The Solution: Sharding

Distribute your writes across multiple partitions:

// ✅ LIFE: Distribute across partitions
async function recordEvent(eventType: string, eventData: any) {
  // Rule of thumb: expected writes per second / 1000 = minimum shards
  const expectedWritesPerSecond = 5000;
  const shardsNeeded = Math.ceil(expectedWritesPerSecond / 1000);
  const shardId = Math.floor(Math.random() * shardsNeeded);

  await EventEntity.build(PutItemCommand)
    .item({
      // Each shard is a separate partition
      pk: `EVENTS#${new Date().toISOString().slice(0, 10)}#SHARD${shardId}`,
      sk: `${Date.now()}#${eventData.id}`,
      eventType,
      ...eventData
    })
    .send();
}

Now your 5,000 writes/second are spread across 5 partitions. Each partition handles 1,000 writes/second—well within limits.

Reading from Sharded Data

The tradeoff? Reading requires fan-out queries:

async function getEventsForDate(date: string) {
  const shardsNeeded = 5;  // Must match write sharding

  // Query each shard in parallel
  const promises = [];
  for (let i = 0; i < shardsNeeded; i++) {
    promises.push(
      GitHubTable.build(QueryCommand)
        .query({
          partition: `EVENTS#${date}#SHARD${i}`
        })
        .send()
    );
  }

  const results = await Promise.all(promises);

  // Merge and sort results client-side
  const allEvents = results.flatMap(r => r.Items || []);
  return allEvents.sort((a, b) =>
    b.sk.localeCompare(a.sk)  // Sort by timestamp
  );
}

Five queries instead of one. But five queries that work beats one query that throttles.

Time-Based Hot Partitions

Another common mistake—time-series data without sharding:

// ❌ BAD: All users' activity for a day in one partition
const ActivityEntity = new Entity({
  name: 'Activity',
  table: GitHubTable,
  schema: item({
    userId: string().required(),
    date: string().required(),  // YYYY-MM-DD
    timestamp: string().required(),
    activityType: string().required()
  }).and((_schema) => ({
    pk: string().key().link<typeof _schema>(
      ({ date }) => `ACTIVITY#${date}`  // Hot partition!
    ),
    sk: string().key().link<typeof _schema>(
      ({ timestamp, userId }) => `${timestamp}#${userId}`
    )
  }))
} as const);

// ✅ GOOD: Partition by user AND date
const ActivityEntity = new Entity({
  name: 'Activity',
  table: GitHubTable,
  schema: item({
    userId: string().required(),
    yearMonth: string().required(),  // YYYY-MM
    timestamp: string().required(),
    activityType: string().required()
  }).and((_schema) => ({
    pk: string().key().link<typeof _schema>(
      ({ userId, yearMonth }) => `USER#${userId}#${yearMonth}`
    ),
    sk: string().key().link<typeof _schema>(
      ({ timestamp }) => timestamp
    )
  }))
} as const);

Now each user’s activity is in their own partition. No hot spots.

The Migration Problem

Let’s be honest: migrations in single table design are brutal. This is one of the genuine tradeoffs you’re making for performance at scale.

Why Migrations Are Hard

In a relational database, adding a column is simple:

ALTER TABLE issues ADD COLUMN priority VARCHAR(20);

Done. Existing rows get NULL for the new column. New rows can set it.
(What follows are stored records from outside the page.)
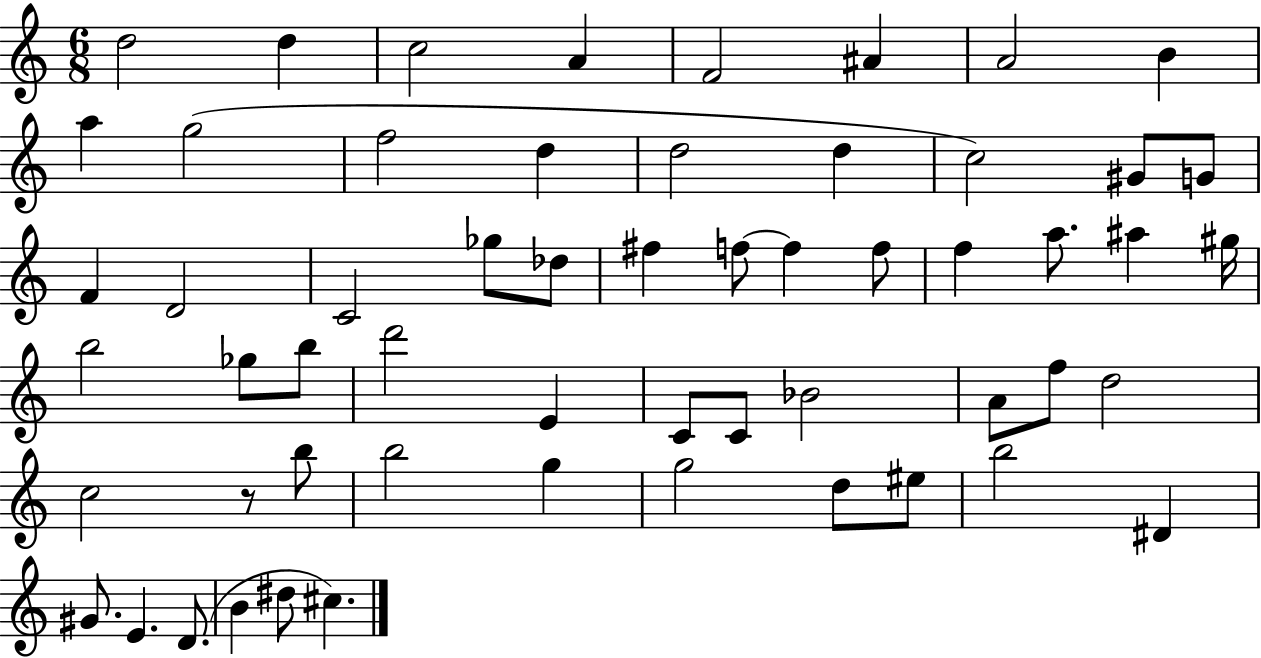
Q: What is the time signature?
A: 6/8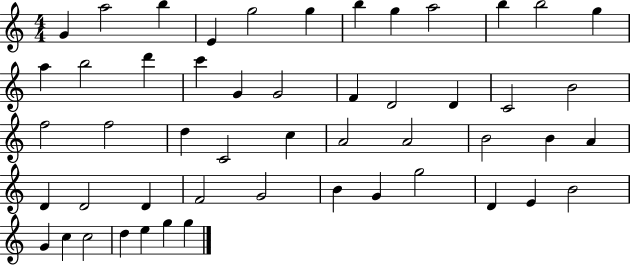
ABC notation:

X:1
T:Untitled
M:4/4
L:1/4
K:C
G a2 b E g2 g b g a2 b b2 g a b2 d' c' G G2 F D2 D C2 B2 f2 f2 d C2 c A2 A2 B2 B A D D2 D F2 G2 B G g2 D E B2 G c c2 d e g g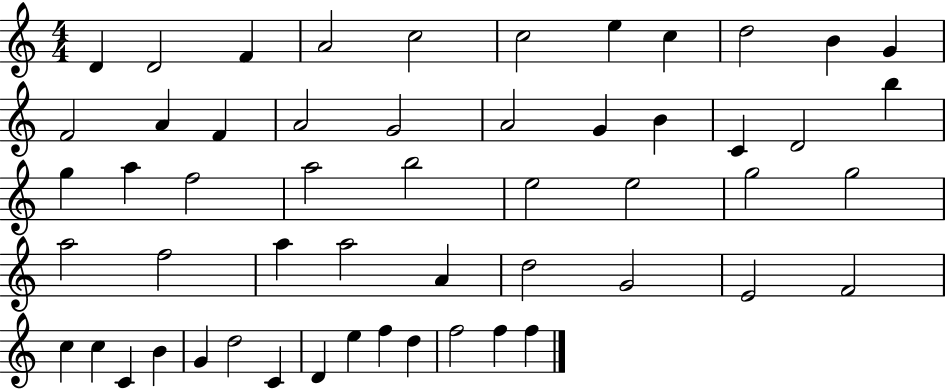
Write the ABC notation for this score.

X:1
T:Untitled
M:4/4
L:1/4
K:C
D D2 F A2 c2 c2 e c d2 B G F2 A F A2 G2 A2 G B C D2 b g a f2 a2 b2 e2 e2 g2 g2 a2 f2 a a2 A d2 G2 E2 F2 c c C B G d2 C D e f d f2 f f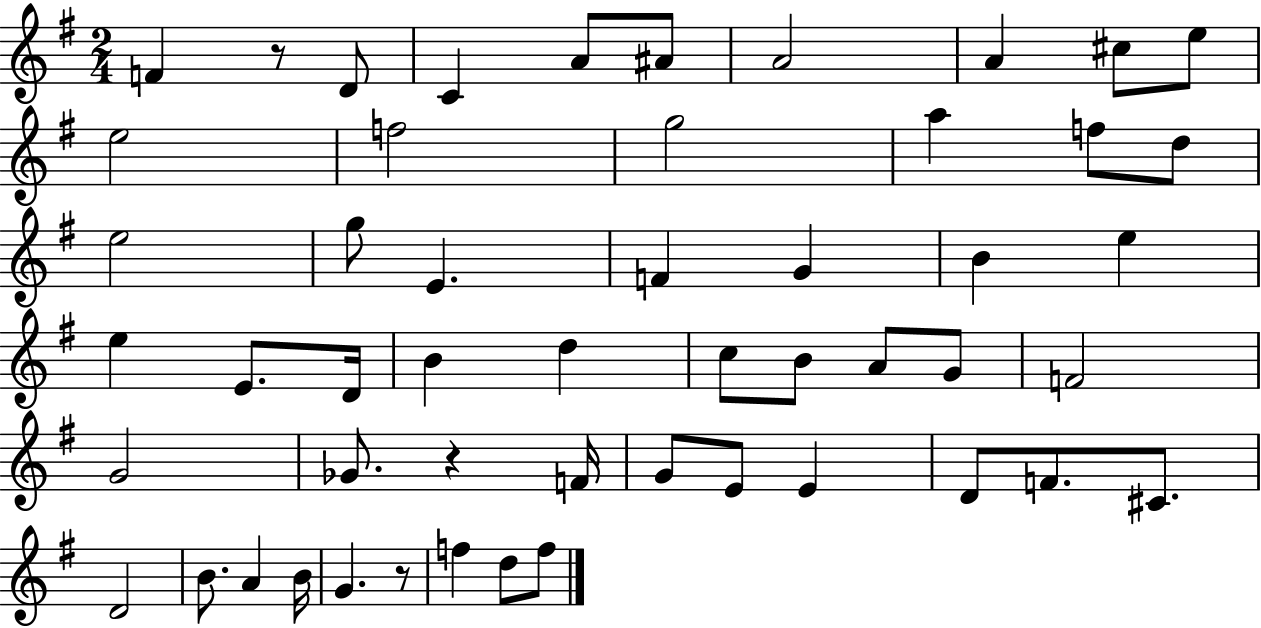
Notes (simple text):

F4/q R/e D4/e C4/q A4/e A#4/e A4/h A4/q C#5/e E5/e E5/h F5/h G5/h A5/q F5/e D5/e E5/h G5/e E4/q. F4/q G4/q B4/q E5/q E5/q E4/e. D4/s B4/q D5/q C5/e B4/e A4/e G4/e F4/h G4/h Gb4/e. R/q F4/s G4/e E4/e E4/q D4/e F4/e. C#4/e. D4/h B4/e. A4/q B4/s G4/q. R/e F5/q D5/e F5/e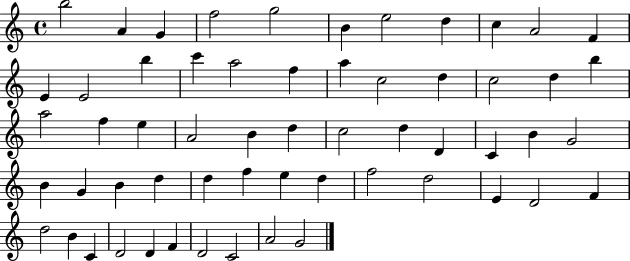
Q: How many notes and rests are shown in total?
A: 58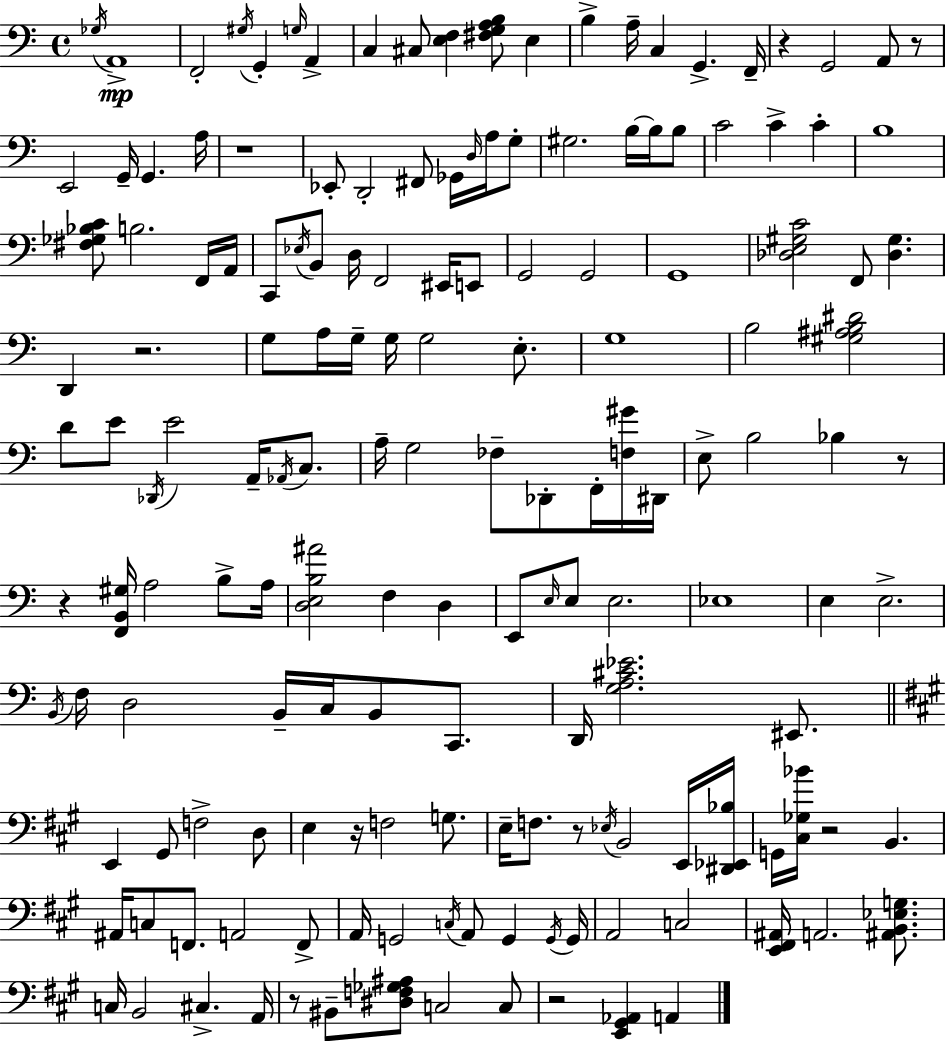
X:1
T:Untitled
M:4/4
L:1/4
K:Am
_G,/4 A,,4 F,,2 ^G,/4 G,, G,/4 A,, C, ^C,/2 [E,F,] [^F,G,A,B,]/2 E, B, A,/4 C, G,, F,,/4 z G,,2 A,,/2 z/2 E,,2 G,,/4 G,, A,/4 z4 _E,,/2 D,,2 ^F,,/2 _G,,/4 D,/4 A,/4 G,/2 ^G,2 B,/4 B,/4 B,/2 C2 C C B,4 [^F,_G,_B,C]/2 B,2 F,,/4 A,,/4 C,,/2 _E,/4 B,,/2 D,/4 F,,2 ^E,,/4 E,,/2 G,,2 G,,2 G,,4 [_D,E,^G,C]2 F,,/2 [_D,^G,] D,, z2 G,/2 A,/4 G,/4 G,/4 G,2 E,/2 G,4 B,2 [^G,^A,B,^D]2 D/2 E/2 _D,,/4 E2 A,,/4 _A,,/4 C,/2 A,/4 G,2 _F,/2 _D,,/2 F,,/4 [F,^G]/4 ^D,,/4 E,/2 B,2 _B, z/2 z [F,,B,,^G,]/4 A,2 B,/2 A,/4 [D,E,B,^A]2 F, D, E,,/2 E,/4 E,/2 E,2 _E,4 E, E,2 B,,/4 F,/4 D,2 B,,/4 C,/4 B,,/2 C,,/2 D,,/4 [G,A,^C_E]2 ^E,,/2 E,, ^G,,/2 F,2 D,/2 E, z/4 F,2 G,/2 E,/4 F,/2 z/2 _E,/4 B,,2 E,,/4 [^D,,_E,,_B,]/4 G,,/4 [^C,_G,_B]/4 z2 B,, ^A,,/4 C,/2 F,,/2 A,,2 F,,/2 A,,/4 G,,2 C,/4 A,,/2 G,, G,,/4 G,,/4 A,,2 C,2 [E,,^F,,^A,,]/4 A,,2 [^A,,B,,_E,G,]/2 C,/4 B,,2 ^C, A,,/4 z/2 ^B,,/2 [^D,F,_G,^A,]/2 C,2 C,/2 z2 [E,,^G,,_A,,] A,,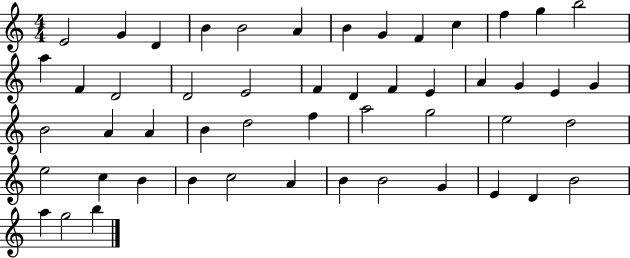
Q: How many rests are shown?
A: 0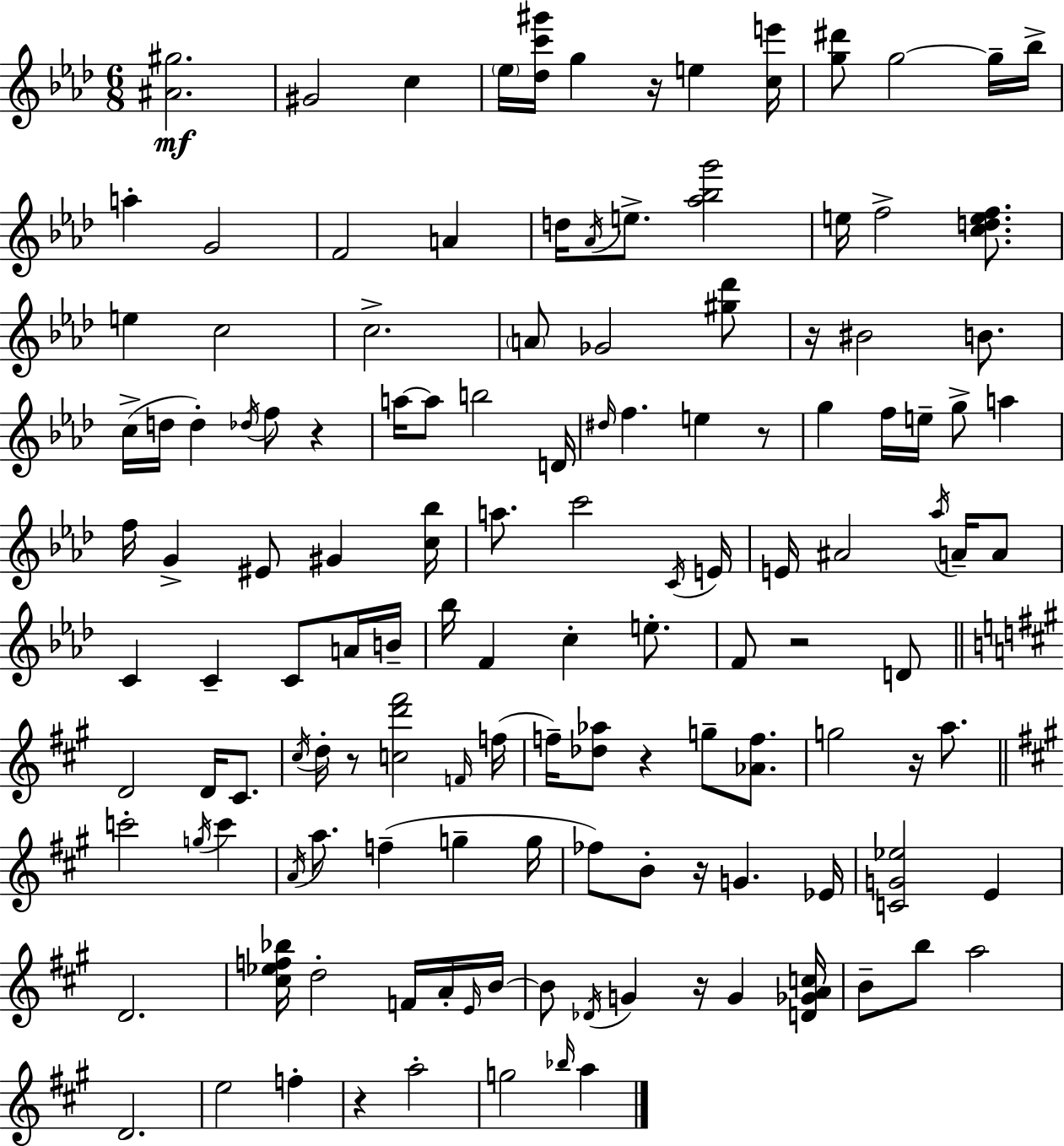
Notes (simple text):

[A#4,G#5]/h. G#4/h C5/q Eb5/s [Db5,C6,G#6]/s G5/q R/s E5/q [C5,E6]/s [G5,D#6]/e G5/h G5/s Bb5/s A5/q G4/h F4/h A4/q D5/s Ab4/s E5/e. [Ab5,Bb5,G6]/h E5/s F5/h [C5,D5,E5,F5]/e. E5/q C5/h C5/h. A4/e Gb4/h [G#5,Db6]/e R/s BIS4/h B4/e. C5/s D5/s D5/q Db5/s F5/e R/q A5/s A5/e B5/h D4/s D#5/s F5/q. E5/q R/e G5/q F5/s E5/s G5/e A5/q F5/s G4/q EIS4/e G#4/q [C5,Bb5]/s A5/e. C6/h C4/s E4/s E4/s A#4/h Ab5/s A4/s A4/e C4/q C4/q C4/e A4/s B4/s Bb5/s F4/q C5/q E5/e. F4/e R/h D4/e D4/h D4/s C#4/e. C#5/s D5/s R/e [C5,D6,F#6]/h F4/s F5/s F5/s [Db5,Ab5]/e R/q G5/e [Ab4,F5]/e. G5/h R/s A5/e. C6/h G5/s C6/q A4/s A5/e. F5/q G5/q G5/s FES5/e B4/e R/s G4/q. Eb4/s [C4,G4,Eb5]/h E4/q D4/h. [C#5,Eb5,F5,Bb5]/s D5/h F4/s A4/s E4/s B4/s B4/e Db4/s G4/q R/s G4/q [D4,Gb4,A4,C5]/s B4/e B5/e A5/h D4/h. E5/h F5/q R/q A5/h G5/h Bb5/s A5/q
In DynamoDB? You have three options, none of them great.

Option 1: Add a GSI (If You Have Room)

You only get 20 GSIs per table. If you haven’t used them all:

// New requirement: query issues by priority
const IssueEntity = new Entity({
  name: 'Issue',
  table: GitHubTable,
  schema: item({
    owner: string().required().key(),
    repo_name: string().required().key(),
    issue_number: number().required().key(),
    title: string().required(),
    status: string().required(),
    priority: string().optional()  // New field
  }).and((_schema) => ({
    // Existing keys...
    PK: string().key().link<typeof _schema>(
      ({ owner, repo_name }) => `REPO#${owner}#${repo_name}`
    ),
    SK: string().key().link<typeof _schema>(
      ({ issue_number }) => `ISSUE#${String(issue_number).padStart(6, '0')}`
    ),
    // New GSI for priority queries
    GSI5PK: string().link<typeof _schema>(
      ({ owner, repo_name }) => `REPO#${owner}#${repo_name}`
    ),
    GSI5SK: string().link<typeof _schema>(
      ({ priority, issue_number }) =>
        priority
          ? `PRIORITY#${priority}#${String(issue_number).padStart(6, '0')}`
          : undefined  // Sparse index - only items with priority
    )
  }))
} as const);

This works but:

  • You’re burning one of your 20 GSI slots
  • GSI storage costs money
  • New items work immediately, old items won’t appear in the GSI until updated

Option 2: Full Table Scan and Update (Painful)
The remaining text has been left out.